After the Mallow club’s biggest year to date in 2017 (set to be repeated in 2019) with rounds of the BAS and All Ireland Series, Mallow’s showpiece event for 2018 was saved to be the last two day meeting of the Irish season, the second running of the Donal O’Brien Memorial Trophy.


This was obviously a meeting close to the hearts of Autograss racers on both sides of the Irish Sea and a good few UK racers hoped to make the trip to the Ballyhoura Mountains, of whom three actually made it; Graham Bennett with his Class 8, Jake Williamson with his Class 7, and Michaela Dance, who’d be sharing Jake’s car.

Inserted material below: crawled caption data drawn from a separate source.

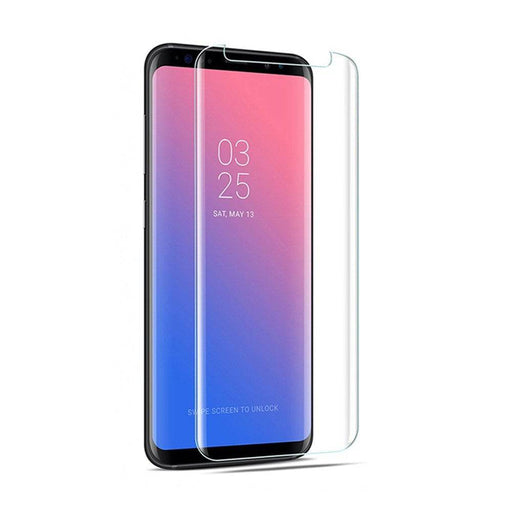 Kinglas 3D Curved UV Tempered Glass Screen Protector For Samsung Galaxy S9 Plus - JPC MOBILE ACCESSORIES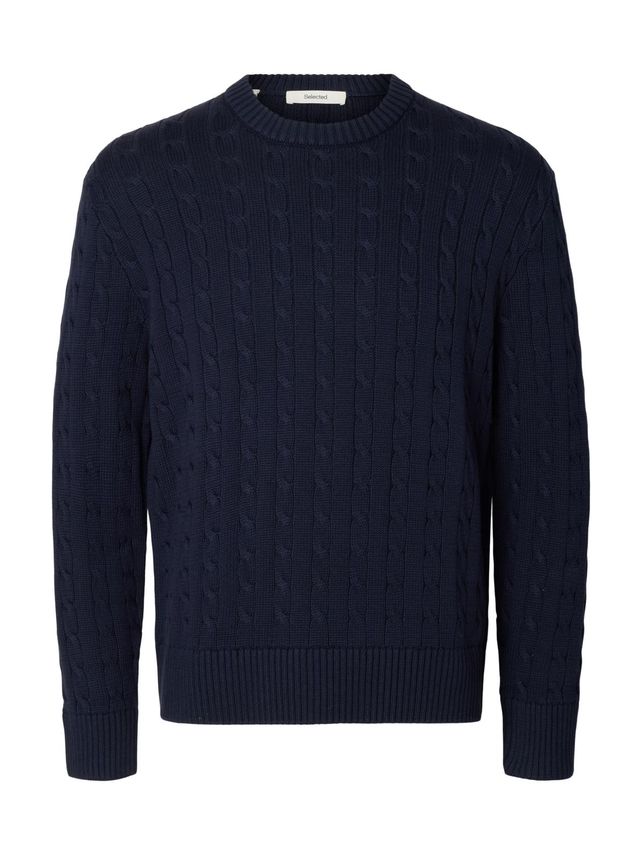 Selected "SLMBRAUN" Kabelstrik Navy
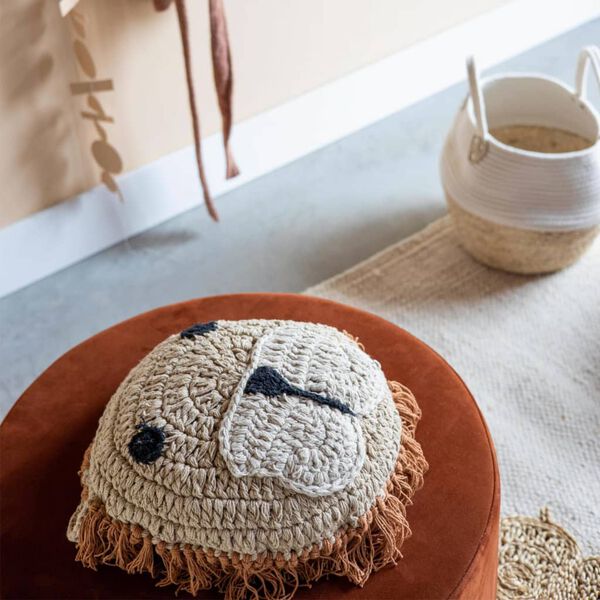 KidsDepot Kinderkissen Lion 38 cm Baumwolle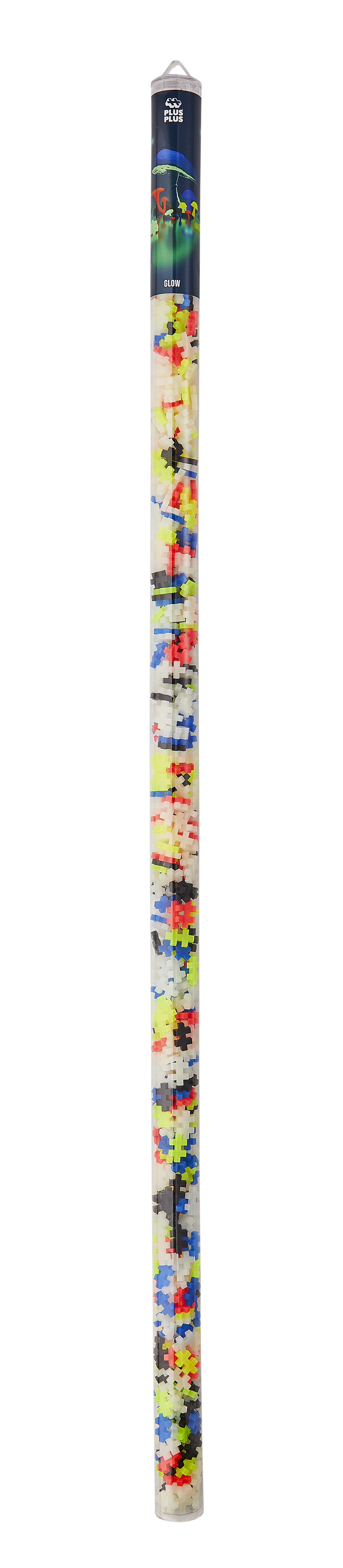 Plus-Plus tube 1 meter glow: 520 stuks (4293)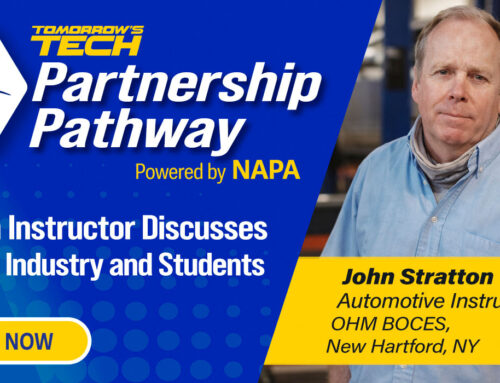 Addressing the Technician Shortage from the Classroom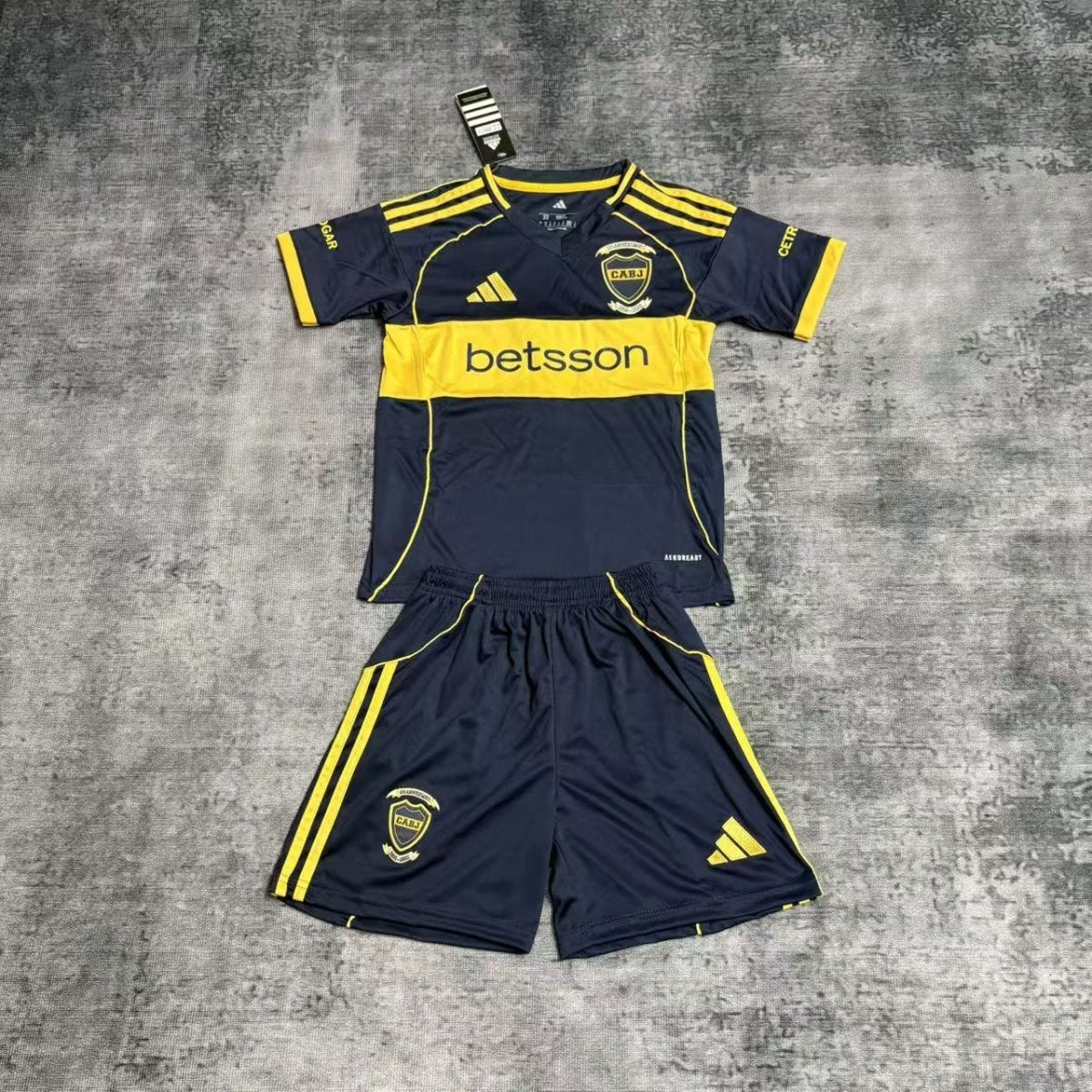 Boca Juniors 2025/26 Kids' Kit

A good selection of cars and drivers representing all six Irish clubs were also in attendance, giving a total entry of 93 cars and 97 drivers – disappointingly a little bit down on numbers seen in this year’s All Ireland rounds, but enough for a very competitive weekend’s racing.


The planned format was the regular three heats on Saturday, followed by one heat and final on Sunday, although a fifth heat was added on Sunday, after the day’s activity started with a very moving on track tribute to Donal.


The only downside came from the Mallow club’s usual pursuit of perfection in its track preparation. Once the heats were completed at a very respectable 1.20 on Sunday, it was nearly two hours before the first final lined up. The finals ran to form; it took three efforts to finish Class 7, two to finish the Junior Specials and Class 8 was started four times and never was finished! By the time the Champion of Champions was called, the visitors with ferries to catch were on borrowed time and the meeting came to a hurried and slightly controversial end as Jake Williamson grabbed the trophy and ran – all the way to Rosslare!


CLASS 1 had nine entries and the close racing started as Shane Farrell’s Yaris snatched the win from Timmy Moloney’s Micra on the last corner of the first heat. The second race saw Trevor Cusack in his newly acquired Mini, still with the S177 number, beating another with a new toy, Christopher Hallinen swapping his Micra for an ex-Adam Browne Mini. Trevor and Chris both took wins on the second round with Martin Murphy’s Mini and Shane Farrell winning on the third round. On Sunday Kevin O’Halloran’s Micra was the first winner, with the other heats going to Trevor, Shane and Chris. Trevor Cusack led away in the final and stayed in front for five laps, but Shane Farrell was closing in and the Yaris squeezed through entering the last lap, with Shane winning from Trevor, Martin Murphy, Kevin O’Halloran, the Minis of Stephen Ryan and Adam Cochrane, with Timmy Moloney completing the runners after somebody assisted Chris Hallinen in losing his bootlid. After an earlier green flag was lifted, Shane was the overall winner from Trevor and Martin.


In contrast to previous big events at Mallow, CLASS 1A just brought out one car, Robert Crowley driving the familiar Jack Houlihan Micra. He mixed it with the Class 1s in the heats, then for the final Robert was matched with the only Stock Hatch entry, Jamie Relihan’s 1200 Micra, and the only non-qualifier from the Class 1s, Pat Doyle. The three of them made it a good race with Pat just beating Jamie and Robert over the line.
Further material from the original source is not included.